Wszędzie kolorowe graffiti i wulgarne napisy, a przede wszystkim hołd oddawany przez okolicznych kibiców WKS-owi
Wielu rzezimieszków wyjechało stąd w latach 80 na Zachód i przestępczość powoli spada.
Gazeta Wrocławska tak w roku 2014 opisywała to miejsce: „– Co ja panu będę dużo mówił. Tu patologia mieszka – podsumowuje listonosz pracujący w okolicy trójkąta. Nie chce podać nazwiska, bo boi się stracić pracę. Z drugiej strony – taka praca…
– Wyzwiska, bluzgi, okrzyki „dawaj złotówkę” czy „dawaj rentę” są na porządku dziennym. Ale zdarzają się też gorsze rzeczy. W jednym z mieszkań napadli na mnie pijani lokatorzy, gdzie indziej w kolegę rzucano nożami…
Osobiście nie czułam w trakcie mojej eskapady żadnego niepokoju. Ludzie spokojni, nikt mnie nie zaczepiał.
Sienie wejściowe, klatki schodowe, toalety na półpiętrach – obraz nędzy i rozpaczy.
Odór moczu, odrapane ściany, odpadający tynk to najczęstszy widok.
Toalety na półpiętrze.
Wiele okien nie ma firanek, zasłony to towar luksusowy.
Powoli i inne ulice zaczynają mieć nową twarz. Widać odrestaurowane kamienice, ponownie można dostrzec ich piękno. Dla gminy lub właścicieli mieszkań jest to gratka nie lada. Zwłaszcza że często koszty renowacji finansowane są ze środków Unii Europejskiej.
Na terenie Trójkąta Bermudzkiego nie widziałam ani jednego placu zabaw dla dzieci, tu zieleń mini ogródka w jednym z nowszych apartamentowców.
Ślady dawnej świetności. Ale trzeba przyznać, że większość domów posiada już porządne zamykane drzwi, i nie ma szans na dostanie się do środka.
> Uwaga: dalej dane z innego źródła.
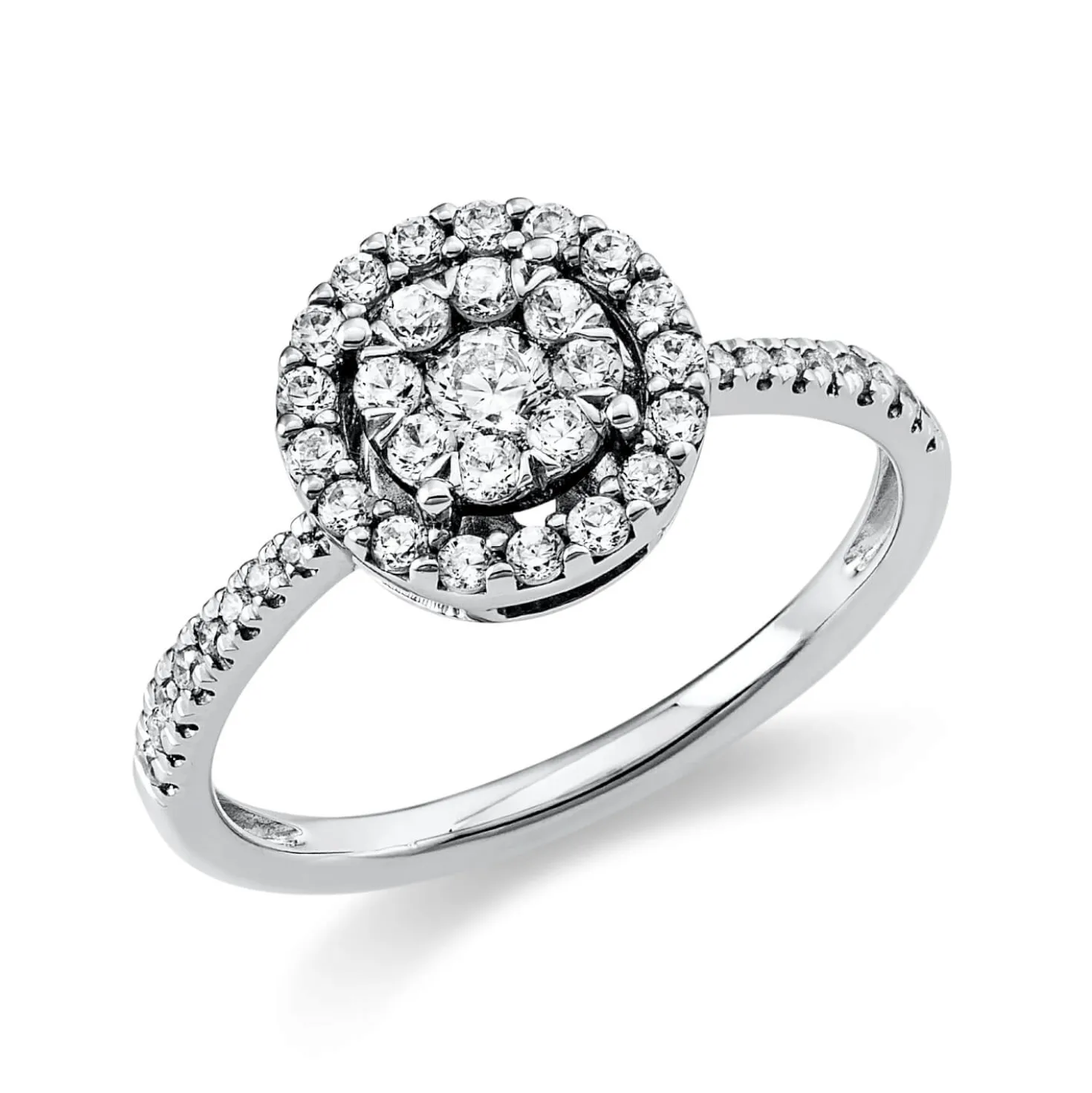 Ring aus 585 Gold Weißgold 42 Diamanten 0,5ct TW-SI Ø9mm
Główna ulica to hałaśliwa i zatłoczona do granic możliwości ulica Traugutta. Mieszka tu dzisiaj ok. 25000 tys. ludzi. Na zdjęciu boczna ulica Prądzyńskiego.
Tu zdjęcie robię solo,
a tu w towarzystwie duszka, cienia w cieniu.
Cześć domów wygląda jakby czas się zatrzymał. Widać ślady dawnych pięknych detali i zdobień.
Spora część domów podczas powodzi w roku 1997 zalana została do połowy parteru.
Paradoksalnie to właśnie powódź spowodowała pozytywne zmiany dla miejsca. Zmodernizowano układ komunikacyjny , a wiele budynków poddano renowacji. Z najbardziej zniszczonych budynków wysiedlono mieszkańców.
Ulica Miernicza – najbardziej filmowa ulica Wrocławia. Pochodzi z 1886 roku. Ilość filmów kręconych na niej zaskakuje.
Agnieszka Holland nakręciła tu „Kobietę Samotną”, Spielberg „Most Szpiegów”, zachowała się na niej przedwojenna zabudowa jak w Berlinie, zbudowany nawet został mur na wzór muru berlińskiego. Inne filmy to „Avalon”, „ Kobieta na wojnie”, nagrodzony Oscarem „Charakter M.van Diema, Aimee & Jaguar”, „Most Powietrzny”.
Czy ulica zostanie wykorzystana jeszcze w jakimś filmie jest wątpliwe. Powoli traci swój stary charakter. Miasto wyremontowało 3 zabytkowe kamienice nadając im pierwotny kolor elewacji.
Wyglądają teraz zachwycająco. Zakres prac obejmował także dach, piwnice i klatki schodowe. Stare piękne budynki, które porażały swoją ruiną odzyskały duszę.
Przypadkowo zapytana o interesująca klatkę kobieta pokazuje mi coś takiego ( pani się nie boi, pani pójdzie za mną). Jak można wpaść na taki kolor?
i inna klatka, ta bardzo ładnie się prezentuje. Jest czysto, a wspólne toalety są odległym wspomnieniem.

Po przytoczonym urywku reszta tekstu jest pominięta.